U.S. ‘neutrality’ on Jerusalem
For those who don’t follow the intricacies of Middle East diplomacy, it might seem self-evident that the passport of an American child born in Jerusalem should note “Israel” as his place of birth. That’s also the view of Congress, which enacted legislation specifically allowing such a notation. But, like its predecessors of both parties, the Obama administration disagrees. This week, in a case involving a 10-year-old boy, a federal appeals court rightly ruled that the Constitution entrusts this decision to the executive branch.

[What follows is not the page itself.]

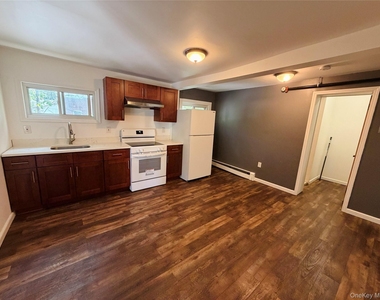 125 Wickham Avenue - Photo Thumbnail 1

The 3-0 decision by the U.S. Court of Appeals for the District of Columbia Circuit upheld the State Department’s refusal to allow the parents of Menachem Binyamin Zivotofsky, who was born in Jerusalem in 2002, to list his birthplace on his passport as “Jerusalem, Israel.” In doing so, the court declared unconstitutional a 2002 law that directed the secretary of State, at the request of a U.S. citizen born in Jerusalem (or the citizen’s parent), to record the place of birth as Israel.
Writing for the court, Judge Karen LeCraft Henderson persuasively concluded that the law intruded on the president’s exclusive authority to recognize foreign governments and their territorial claims. Henderson conceded that Congress had the power to regulate rules for the issuing of passports, but said that power could not be used to nullify “a carefully calibrated and long-standing executive branch policy of neutrality toward Jerusalem.”
Since 1948, both Republican and Democratic presidents have refused to recognize Jerusalem as Israeli territory; like the Clinton and George W. Bush administrations before it, the Obama administration argues that the final status of the city must be determined in negotiations between Israel and the Palestinian Authority. No one believes that the United States would ever accept a peace agreement in which Israel didn’t exercise authority over West Jerusalem, which it has controlled since 1948. But presidents have concluded that prejudging the status of Jerusalem would undermine the right of the parties to determine their own future in bilateral negotiations.
That strikes us as a prudent policy. In any case, the issue before the court wasn’t the wisdom of U.S. “neutrality” on the status of Jerusalem but rather which branch of the federal government gets to make the decision. The appeals court was right to conclude — and the Supreme Court should agree — that the law passed by Congress “intrudes on the president’s recognition power and is therefore unconstitutional.” Menachem Zivotofsky’s parents are free to say that their son was born in Israel, but the U.S. government doesn’t have to agree.